International football competition

The group stage of the 2010–11 UEFA Champions League featured 32 teams: the 22 automatic qualifiers and the 10 winners of the play-off round (five through the Champions Path, five through the Non-Champions Path).

The teams were drawn into eight groups of four, and played each other home-and-away in a round-robin format. The matchdays were 14–15 September, 28–29 September, 19–20 October, 2–3 November, 23–24 November, and 7–8 December 2010.

The top two teams in each group advanced to the first knockout round, while the third-placed teams dropped down to the Europa League round of 32.
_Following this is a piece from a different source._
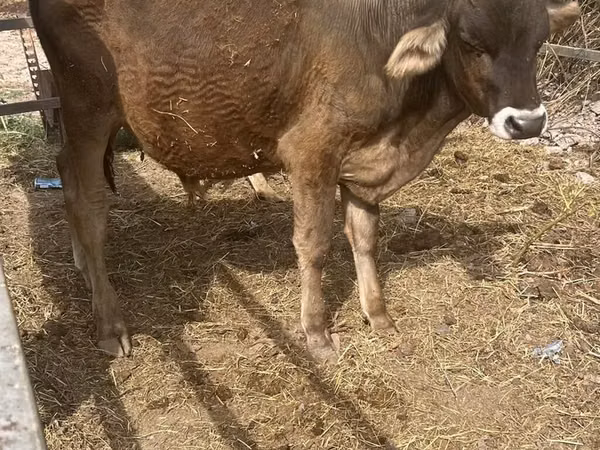 Bull, Cattle — Kyrgyzstan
Partizan and Žilina became only the eleventh and twelfth teams in UEFA Champions League history to lose all six group stage matches.

==Teams==
The draw for the group stage was held in Monaco on 26 August 2010 at 18:00 CEST (UTC+2).

Teams were seeded into four pots based on their 2010 UEFA club coefficients. The title holders, Internazionale, were automatically seeded into Pot 1. Teams from the same national association could not be drawn against each other. Pot 1 held teams ranked 1–10, Pot 2 held teams ranked 11–29, Pot 3 held teams ranked 30–63, while Pot 4 held teams ranked 73–180 and unranked teams.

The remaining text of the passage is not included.